Recent high-profile ransomware attacks have seen victims succumb to the demands of attackers and pay the ransom. Any executive can sympathize with the urge to recover sensitive company data, and can probably understand the impulse to simply fold, hand over the ransom, and move on.
However, giving in to cybercriminals’ demands is bad policy, and it doesn’t make you safer. Instead, enterprises should refuse to pay ransoms. Whatever promise of discretion, when it gets out that you paid up, other attackers will know your company is an easy mark. Alongside with this refusal to pay, executive leaders should confront ransomware by making the digital risk a board-level issue. CEOs must lead the way in getting their organizations behind a single, coherent ransomware policy. These threats are not simply an IT issue. It’s a whole company issue. Here are some practical steps to follow for greater security.
Don’t Pay Up
Recently, CWT, a US travel management firm, paid a hefty sum of $4.5 million to ransomware hackers. This came after the criminals stole reams of sensitive corporate files, and allegedly knocked 30,000 of CWT’s computers offline. Using a strain of ransomware called Ragnar Locker, the attackers encrypted computer files and rendered them unusable until the company gave in to their demands. To add insult to injury, the attackers left the chat online, despite promising to delete it, in which a CWT representative negotiated with the hackers.
Meanwhile, fitness brand Garmin is believed to have paid an even heftier ransom of $10-million ransom, after attackers took data hostage and forced its services to go offline.

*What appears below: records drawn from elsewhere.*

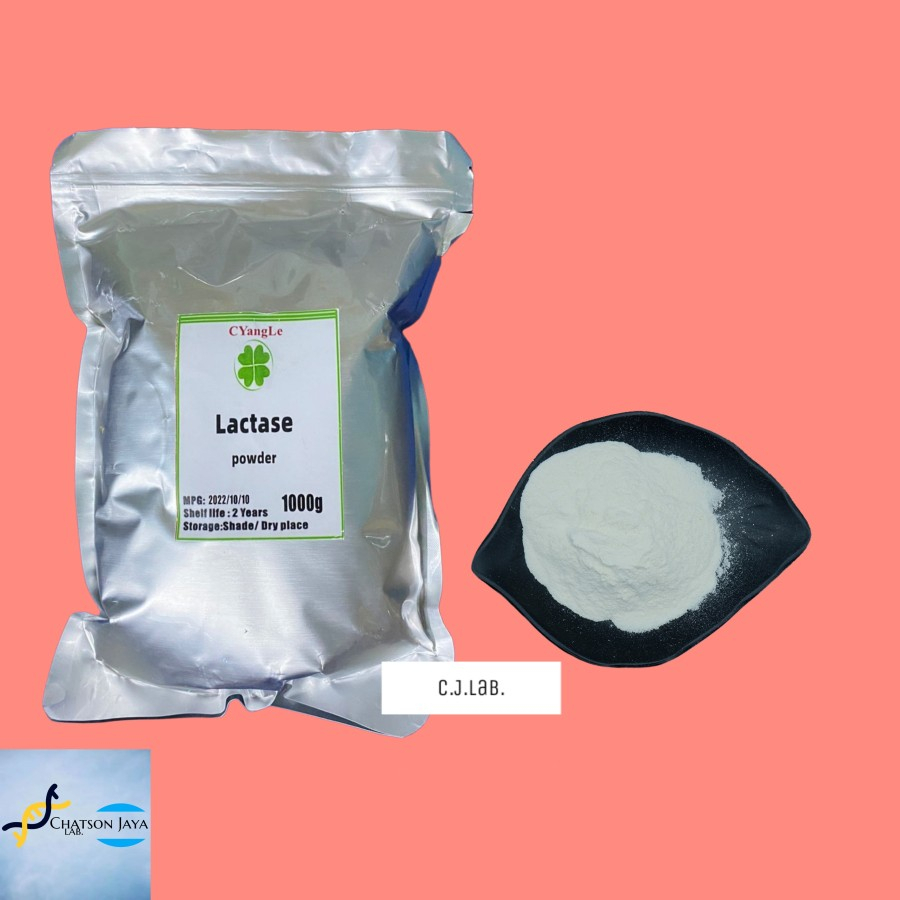 

Enzim Laktase Powder 70 gram Food Grade/ Lactase Enzyme Powder 70 gram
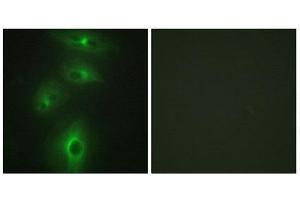 Immunofluorescence (IF) image for anti-Transmembrane Protease, Serine 3 (TMPRSS3) (C-Term) antibody (ABIN1849484) (TMPRSS3 antibody  (C-Term))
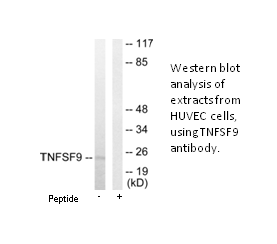Product image for TNFSF9 Antibody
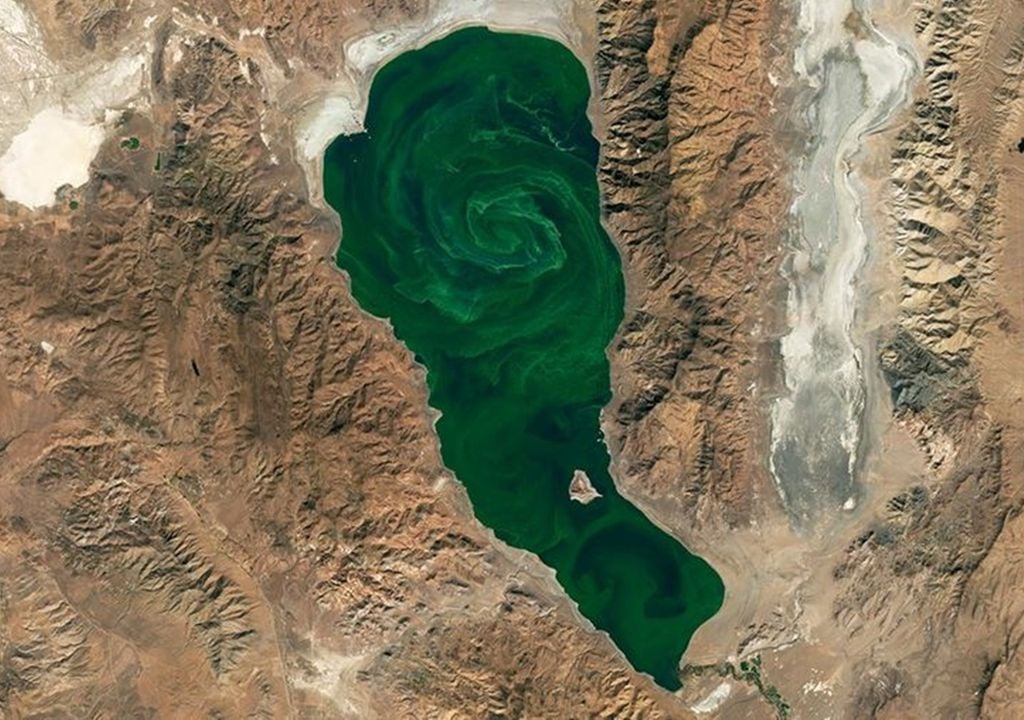 Cianobacterias, en las aguas del lago Pyramid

Reports suggest that Garmin was hit by WastedLocker, a ransomware strain created by Russia-based hacking group Evil Corp. The attack put Garmin’s wearables, apps, website, and call centers offline for several days.

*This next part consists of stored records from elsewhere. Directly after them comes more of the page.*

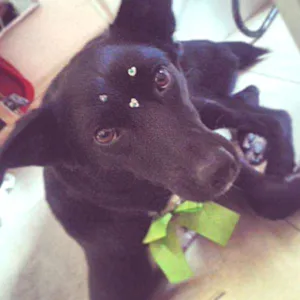 Cachorro raça viralata idade 4 anos nome Rebeca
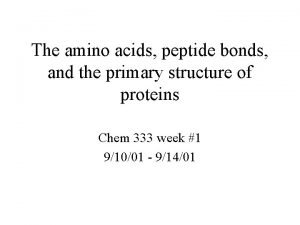 The amino acids peptide bonds and the primary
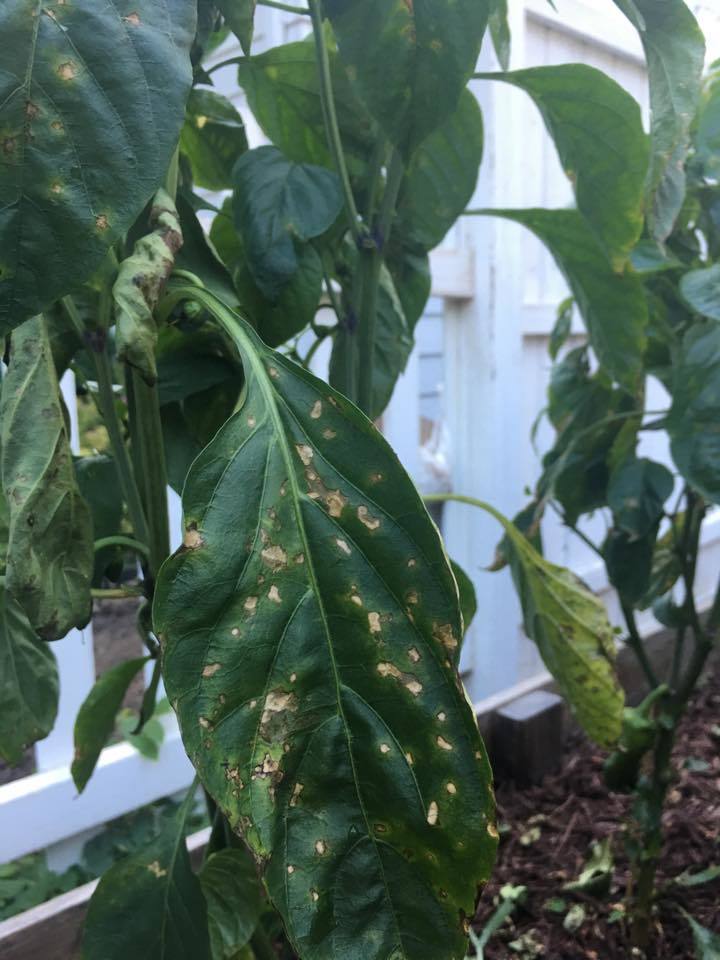 Bacterial Leaf Spot On Peppers #418216 - Ask Extension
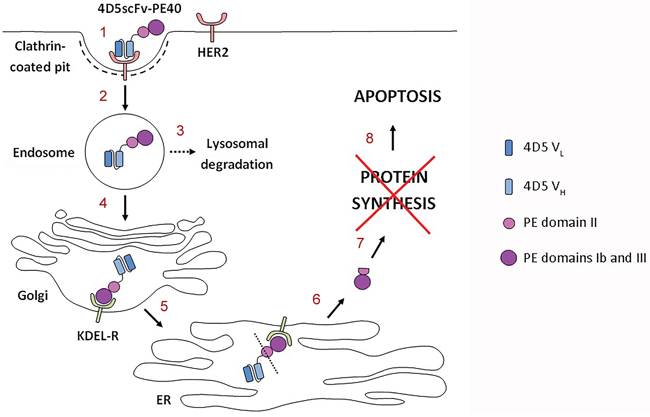 Proposed mechanism of the 4D5scFv-PE40 immunotoxin cytotoxicity.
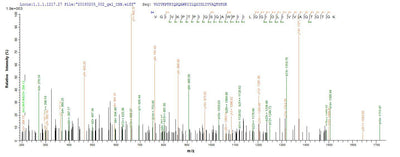 Based on the SEQUEST from database of E.coli host and target protein, the LC-MS/MS Analysis result of this product could indicate that this peptide derived from E.coli-expressed Homo sapiens (Human) DDX53.Recombinant Human Probable Atp-Dependent Rna Helicase Ddx53 (DDX53) Protein (His&Myc)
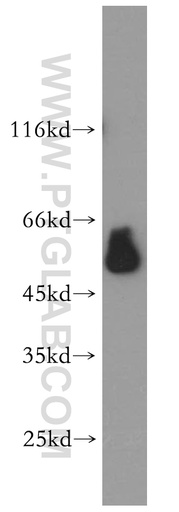 [14017-1-AP-150UL] ESRRG Polyclonal antibody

When hit with ransomware, this is option one: Pay the ransom, free the data that has been taken hostage.
The big problem with this approach is that it signals that you are willing to pay. Across the internet, in the eyes of cybercriminals, your organization is now seen as a viable target. You make your enterprise attractive to more attacks, from either the same hackers or another group. This is why fully half of ransomware victims suffer repeat attacks.
Have a plan, and be transparent
Norsk Hydro is one of the world’s largest aluminium companies. In 2019, it suffered a major ransomware attack (using the strain LockerGoga). The attackers held the company’s data hostage, disrupted production, affected 35,000 employees across 40 countries, and incurred around $71 million dollars in damages.

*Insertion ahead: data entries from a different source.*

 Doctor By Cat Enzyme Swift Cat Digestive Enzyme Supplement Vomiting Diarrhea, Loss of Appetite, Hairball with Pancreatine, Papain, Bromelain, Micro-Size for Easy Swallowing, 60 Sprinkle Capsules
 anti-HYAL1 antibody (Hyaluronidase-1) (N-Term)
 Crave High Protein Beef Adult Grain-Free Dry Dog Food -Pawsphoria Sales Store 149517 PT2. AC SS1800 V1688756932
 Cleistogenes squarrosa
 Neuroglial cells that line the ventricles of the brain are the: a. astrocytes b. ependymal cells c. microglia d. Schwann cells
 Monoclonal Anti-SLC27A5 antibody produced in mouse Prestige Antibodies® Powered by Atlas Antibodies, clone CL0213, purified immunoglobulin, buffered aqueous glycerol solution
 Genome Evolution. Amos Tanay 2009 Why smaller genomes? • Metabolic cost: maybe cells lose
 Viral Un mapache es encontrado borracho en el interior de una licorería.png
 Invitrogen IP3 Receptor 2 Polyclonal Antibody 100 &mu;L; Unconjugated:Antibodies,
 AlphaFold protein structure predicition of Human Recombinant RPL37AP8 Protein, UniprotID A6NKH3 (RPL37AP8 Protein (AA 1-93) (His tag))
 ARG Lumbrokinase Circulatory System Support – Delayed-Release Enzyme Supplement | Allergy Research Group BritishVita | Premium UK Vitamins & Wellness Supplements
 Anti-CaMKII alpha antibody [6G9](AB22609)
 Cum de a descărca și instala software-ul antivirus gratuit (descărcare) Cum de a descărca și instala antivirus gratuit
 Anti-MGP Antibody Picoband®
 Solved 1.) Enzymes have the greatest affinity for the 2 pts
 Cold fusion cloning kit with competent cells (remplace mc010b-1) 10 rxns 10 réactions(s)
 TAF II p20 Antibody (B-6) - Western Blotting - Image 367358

Unlike CWT and Garmin, Norsk Hydro didn’t fold. Instead, it decided that they wouldn’t be paying the ransom. Instead, they were open and public about the attack – a decision that was applauded by security experts around the world – and they brought in an external cybersecurity team to help them restore their operations using manual backups.
“Transparency is core to the Norsk Hydro culture,” says Halvor Molland, senior VP of Media Relations. “We wanted to help other industries learn from our experience. This way, they can be better prepared for situations like this and not have to go through what we did.”
“Paying the ransom will not help you out of the situation,” said Torstein Gimnes Are, Norsk Hydro’s corporate information security officer. “You will need to rebuild your infrastructure to be safe and be sure that the attacker is not still part of it.” Instead of paying, Norsk accepted the breach, and restored their data through trusted back-up servers.
Norsk’s response to a ransomware attack represents the alternative to folding and paying up. Yes, damage was done. Yes, data was lost. However, by refusing to negotiate, Norsk signalled to the cybercriminal world that they cannot be held ransom.
Developing an Anti-Ransomware Executive Stance
Ransomware hackers spend many hours planning, testing, and executing attacks. If they think that an enterprise is unwilling to pay, they are unlikely to target them, for fear of wasting their time. By contrast, if you have a reputation as a ransom payer, you make yourself a very attractive target. In the long run, acquiescing to ransomware attackers only sets you up for more trouble in the future.
However, stoically refusing to pay ransoms as repeated data breaches occur is hardly an attractive stance. The best protection against ransomware is proactive prevention. And to combat the scourge of ransomware – which accounts for 27% of all malware incidents – executives cannot regard ransomware as an issue to be solved solely by the CISO or CIO. Instead, combating ransomware needs to become a board-level concern. This way, an anti-ransomware stance can be built into the foundations of the enterprise tech stack.
When ransomware is made a board-level priority, it makes decision-making easier. Everyone is on the same page, everyone knows the plan, and their part in it. To combat ransomware, the following things need to happen.
- Data backups need to happen like clockwork, as often as possible. They need to be combined with backup and restore drills.
- Third party cloud channels – a rapidly growing source of ransomware attacks – need to be constantly monitored for threats with advanced digital risk protection software. Unlike email, which has a $3B security industry, cloud channels are weak, and cybercriminals know it.
- Endpoints need to be constantly watched for IOAs (Indicators of Attack). An endpoint detection and response (EDR) solution is critical.
When a CEO takes on and owns these and other anti-ransomware principles, they can drive policy, and take a personal hand in protecting their organization from multi-million dollar damages.